Solution: Gradient: \((w^\top x-y)x\). Update: \(w_{t+1}=w_t-\eta_t(w_t^\top x_t-y_t)x_t\). Smoothness \(\beta=R_x^2\). Variance bounded by \(4\|w^*\|^2 R_x^4\).

Example 2: Momentum

How does momentum accelerate SGD on strongly convex quadratics?

Solution: Heavy-ball: \(v_{t+1}=\mu v_t+\nabla f(w_t)\), \(w_{t+1}=w_t-\eta v_{t+1}\).
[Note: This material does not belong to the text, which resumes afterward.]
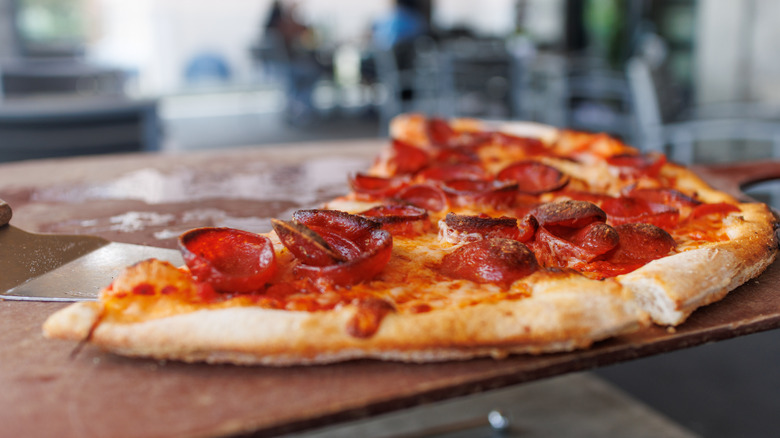 A half leftover, thin-crust pepperoni pizza on a wooden serving platter.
Optimal \(\mu=(1-\sqrt{\alpha/\beta})^2\) gives rate \(O((1-2\sqrt{\alpha/\beta})^T)\), replacing \(\kappa\) with \(\sqrt{\kappa}\).

Practice

  1. Why does constant step-size SGD not converge to \(f^*\) for strongly convex objectives?
  2. Compare convergence of SGD vs GD when data is highly redundant.
  3. Derive the optimal batch size minimizing wall-clock time given parallel hardware.
  4. Show Adam's adaptive step is equivalent to preconditioning by \(\mathrm{diag}(v_t)^{-1/2}\).
Show Answer Key

1. SGD with constant step $\eta$: the gradient estimate has irreducible variance $\sigma^2$. The iterate fluctuates in a ball of radius $\sim \eta\sigma^2/\alpha$ around $w^*$. It converges to a neighborhood of $f^*$, not $f^*$ itself: $E[f(w_T)]-f^* \leq (1-\alpha\eta)^T(f(w_0)-f^*) + \frac{\eta L\sigma^2}{2\alpha}$. The second term is the irreducible error floor, vanishing only as $\eta \to 0$ (e.g., diminishing step sizes $\eta_t = O(1/t)$).

2. With redundant data, full-batch GD recomputes nearly identical gradients across similar examples. SGD makes progress using one sample per step. Per epoch (one pass of data, $n$ steps): SGD reduces error by $\sim n \times$ single-step progress, while GD makes 1 step. SGD's convergence per epoch is much faster when data is redundant (many similar examples). GD wins per-iteration only when variance is very high.

3. Wall-clock time per step: $t(B) = t_0 + B/P$ (overhead + compute, $P$ = parallel throughput). Variance reduction: $\text{Var} \propto \sigma^2/B$. Progress per second $\propto 1/(B\cdot t(B)/\sigma^2)$. Optimize: $\partial/\partial B[B\cdot t(B)] = 0$ → $B^* = \sqrt{P t_0}$ (geometric mean of parallelism and overhead). Beyond $B^*$, larger batches waste compute (linear scaling breaks down).

4. Adam update: $w_{t+1} = w_t - \eta \hat{m}_t / (\sqrt{\hat{v}_t}+\epsilon)$ where $\hat{v}_t \approx \text{diag}(E[g_t^2])$. This is equivalent to $w_{t+1} = w_t - \eta D_t^{-1}\hat{m}_t$ with preconditioner $D_t = \text{diag}(\sqrt{\hat{v}_t}+\epsilon)$. This approximates natural gradient / Newton's method using only diagonal second-moment information, adapting the learning rate per-parameter.